#### [TRY IT]
Exactly as they appear, retype the lines from the one containing "Korsør Svane Porcelæn" through the final line of the data below. Leave pictures out.

#### [DATASET SECTION]
^^^^^^^^^^^^^^^^

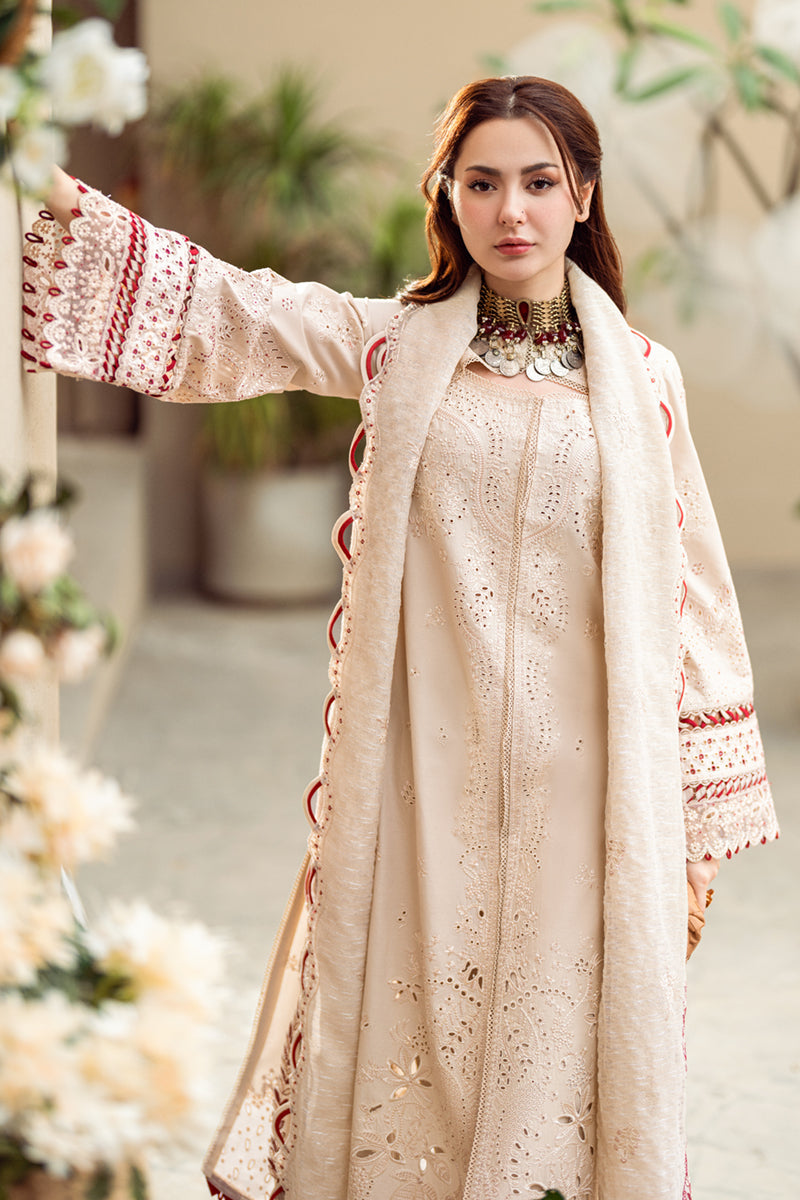 3PC LAWN EMBROIDERED SUIT SR - 507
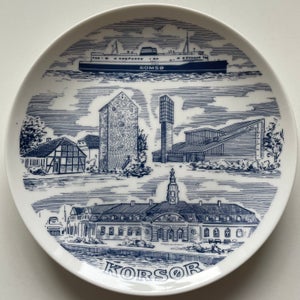 Korsør Svane Porcelæn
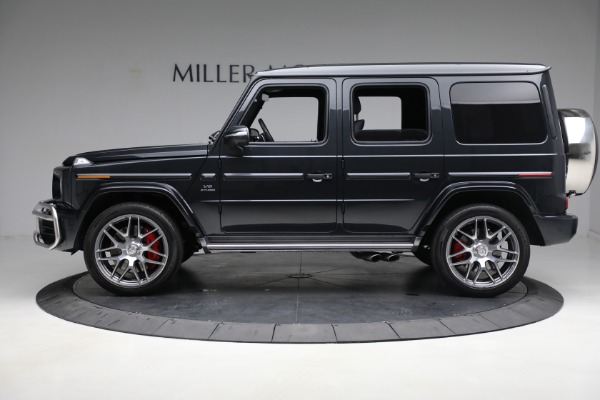 Used 2020 Mercedes-Benz G-Class AMG G 63 for sale Sold at Pagani of Greenwich in Greenwich CT 06830 3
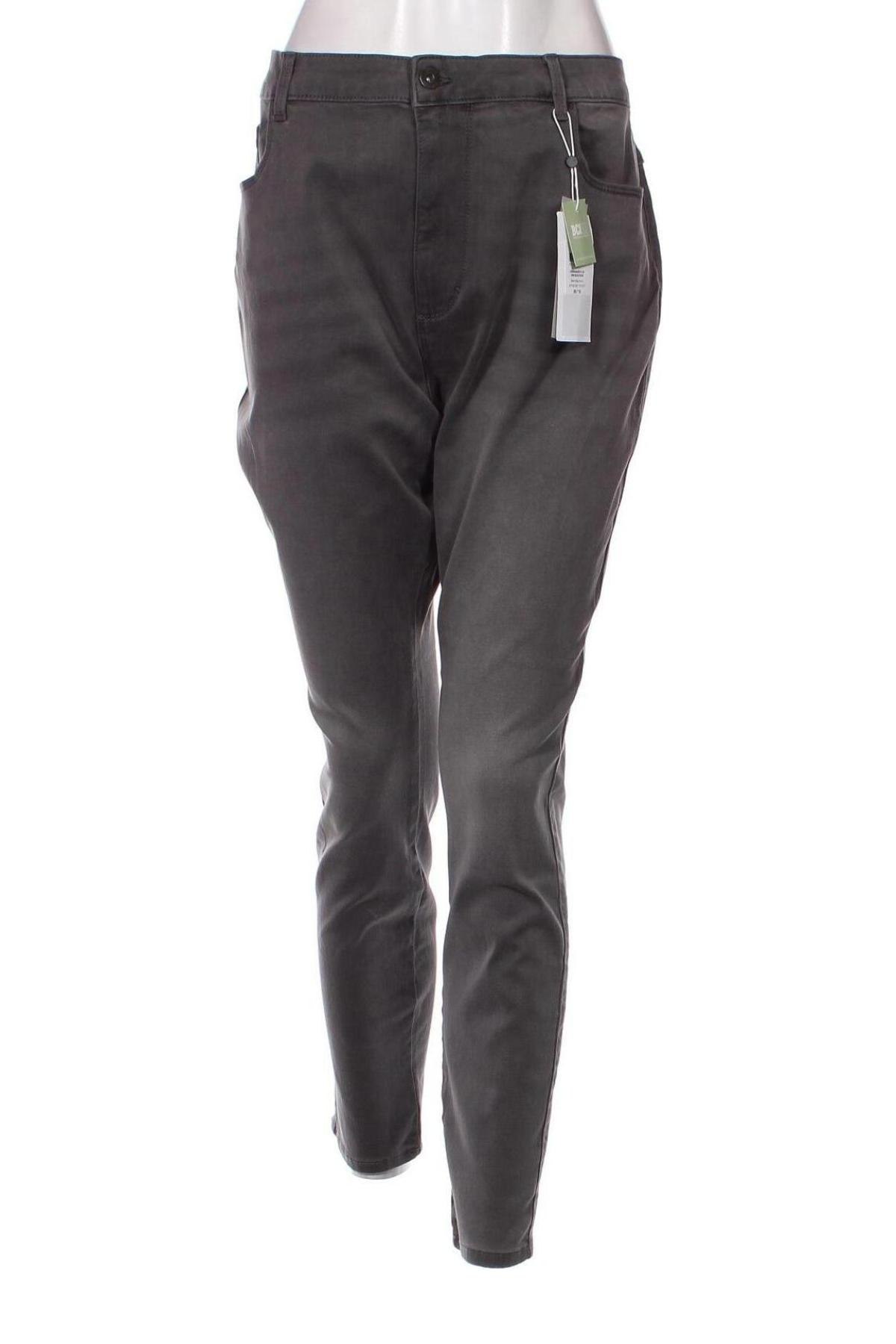 Damen Jeans ONLY Carmakoma, Größe XXL, Farbe Grau, Preis € 21,83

^^^^^^^^^^^^^^^^

#### [RESPONSE AREA]
 Korsør Svane Porcelæn
 Used 2020 Mercedes-Benz G-Class AMG G 63 for sale Sold at Pagani of Greenwich in Greenwich CT 06830 3
 Damen Jeans ONLY Carmakoma, Größe XXL, Farbe Grau, Preis € 21,83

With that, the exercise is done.